Ihre Methoden wirken eigenartig, wenn sie ihrem Freund Hoffmann Leporellos „Keine Ruh bei Tag und Nacht“ vorträllert, gerade als Stella in der Oper „Don Giovanni“ als Donna Anna Triumphe feiert und der Dichter gerade daran ist, seiner Liebe zur Sängerin abzuschwören. Aber diese Provokation hat ihr schöpferisch Gutes. Seine Angebetete bekommt drei Gesichter, Stoff für drei Geschichten, die sich die Studenten in Lutters Weinkeller lieber anhören als die Stella im zweiten Akt der Oper „Don Giovanni“. Sehen wir, welche Rolle Niklaus in den drei Erzählungen spielt!

Zweiter Akt „Olympia“:

Niklaus scheint mehr zu wissen, wenn er dem verliebten Hoffmann rät, die „Tochter“ des Physikers Spalanzani nicht nur anzustarren, sondern mit ihr in Kontakt zu treten. Ansprechen, sie kennenlernen, seine Liebe ihr auszudrücken. „Püppchen auf einer Spieluhr stand… ein Gockel plustert sich daneben, dann tanzen sie ein Menuett, abgezirkelt und adrett, man könnte meinen, dass sie leben.“ Hoffmann merkt den Spott, ohne diesen zu verstehen. „Püppchen rollt Augen aus Email, das macht das Hähnchen vollends geil.“ Niklaus macht sich weiter über seinen Freund lustig und über den eintretenden Coppelius, die er immer wieder nachäfft. Und wenn Coppelius Hoffmann nach seinem Interesse für Optik fragt, kommentiert Niklaus ironisch: „Er bietet auch Optik!“ Als Coppelius für die Wunderbrillen drei Dukaten fordert, wiederholt Niklaus nicht nur die Forderung, sondern fordert auch Hoffmann auf: „Bezahl!“. Bis dahin könnten wir glauben, Niklaus will seinem Dichterfreund behutsam die Augen öffnen. Aber durch diese täuschenden Brillen lässt er seinen Freund fast ins Unglück rennen.
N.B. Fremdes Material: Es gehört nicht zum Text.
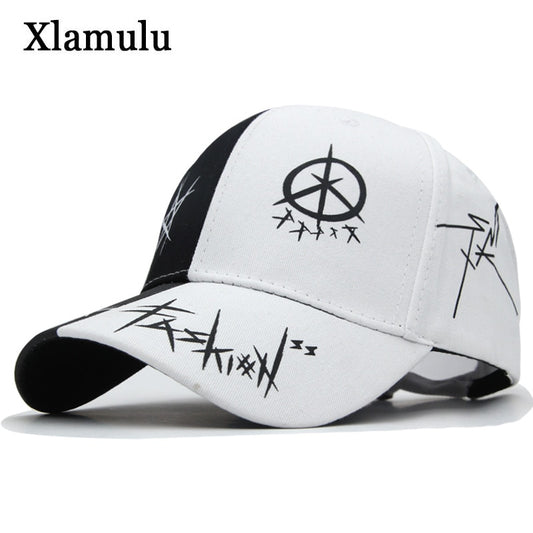 Women Snapback Baseball Caps Hats For Men Casquette Chance The Rapper Man Brand Women Gorras Bone Men Hat Gorras Male Dad Hats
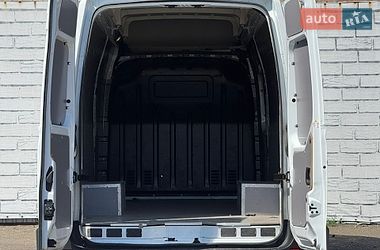 Грузовой фургон Renault Master 2024 в Киеве фото 17 Грузовой фургон Renault Master 2024 в Киеве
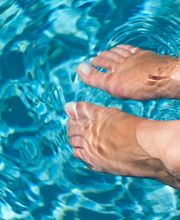 Swimmingpool Garten Bielfeld, Osnabrück, Paderborn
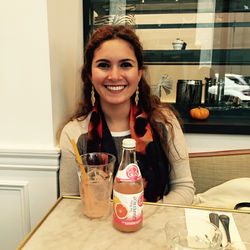 Yara Suki, Chili and Chives, blog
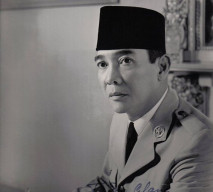 Kisah Lucu Bung Karno Gagal Miliki Cinta Noni Belanda: Niat Melamar, Malah Diusir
Hoffmann schwärmt von Olympias Gesang vor den Festgästen und Niklaus stimmt ein. Als Spalanzani hinter seiner Olympia vorbeigeht, hört Niklaus ein Aufziehgeräusch und stellt dem Physiker die Frage: „Was gibt’s?“ Spalanzani weicht aus: „Nur rein physisch, wenn ihr wollt physikalisch.“ Wird Niklaus erst jetzt bestätigt, dass seine Beobachtung der Künstlichkeit richtig war? Alle Gäste haben Olympia bewundert, aber als Machwerk Spalanzanis. Niklaus fordert seinen Freund auf den ersten Tanz mit ihr zu tanzen, im Sinn sie richtiger (!) kennenzulernen. Hoffmann wirft den Gästen Blindheit vor. Niklaus ist überzeugt, nur durch Schaden wird sein Freund klug. Der Tanz artet zur Wildheit aus. Als der von Spalanzani um sein Geld betrogene Coppelius die Puppe zerstört, versucht Niklaus den verstörten Freund zu beruhigen.

Dritter Akt „Antonia“:

Niklaus klagt, wohl oder übel schon ein halbes Jahr hinter Herrn Krespels Tochter mit nachrennen zu müssen und will damit zu Ende kommen. Da fällt uns wieder Leporello ein. Als Antonia erscheint, verdrückt sich Niklaus in der siebenten Szene, um nicht zu stören. Im Mittelpunkt steht jetzt Antonia und die vor seiner Tochter geheim gehaltene Angst des Vaters, von einem Dichter wie Hoffmann zur für sie lebensgefährdenden Gesangskunst verführt zu werden. Antonia und Hoffmann verzichten, um von ihrem Vater nicht getrennt zu werden, aus Liebe zueinander auf eine gemeinsame künstlerische Karriere, sie Sängerin, er Dichter. Wieder allein kommen Antonia doch wieder Zweifel. Der böse Geist Dr. Mirakel fördert in ihr das schöne Gefühl, vom Publikum verehrt zu werden. Außerdem, darf sie ihr Talent vernachlässigen? Das von Dr. Mirakel herbeigezauberte Trugbild der verstorbenen Mutter bringt die tragische Umkehr. Mutters schöne Stimme darf in ihr nicht verstummen.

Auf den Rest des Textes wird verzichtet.